What to do:
Print the records below exactly as they appear.

+++ Materials provided

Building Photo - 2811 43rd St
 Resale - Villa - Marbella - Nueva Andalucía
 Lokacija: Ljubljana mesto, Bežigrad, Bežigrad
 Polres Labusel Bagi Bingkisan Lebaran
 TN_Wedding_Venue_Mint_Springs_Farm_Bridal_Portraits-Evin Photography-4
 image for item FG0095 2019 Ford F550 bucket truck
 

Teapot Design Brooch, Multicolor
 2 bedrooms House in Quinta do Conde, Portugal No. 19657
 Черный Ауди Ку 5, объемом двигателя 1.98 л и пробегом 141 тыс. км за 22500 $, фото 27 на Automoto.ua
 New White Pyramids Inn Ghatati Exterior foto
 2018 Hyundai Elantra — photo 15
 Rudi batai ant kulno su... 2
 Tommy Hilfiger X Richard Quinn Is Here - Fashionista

++++++

Answer box:
Building Photo - 2811 43rd St
 Resale - Villa - Marbella - Nueva Andalucía
 Lokacija: Ljubljana mesto, Bežigrad, Bežigrad
 Polres Labusel Bagi Bingkisan Lebaran
 TN_Wedding_Venue_Mint_Springs_Farm_Bridal_Portraits-Evin Photography-4
 image for item FG0095 2019 Ford F550 bucket truck
 

Teapot Design Brooch, Multicolor
 2 bedrooms House in Quinta do Conde, Portugal No. 19657
 Черный Ауди Ку 5, объемом двигателя 1.98 л и пробегом 141 тыс. км за 22500 $, фото 27 на Automoto.ua
 New White Pyramids Inn Ghatati Exterior foto
 2018 Hyundai Elantra — photo 15
 Rudi batai ant kulno su... 2
 Tommy Hilfiger X Richard Quinn Is Here - Fashionista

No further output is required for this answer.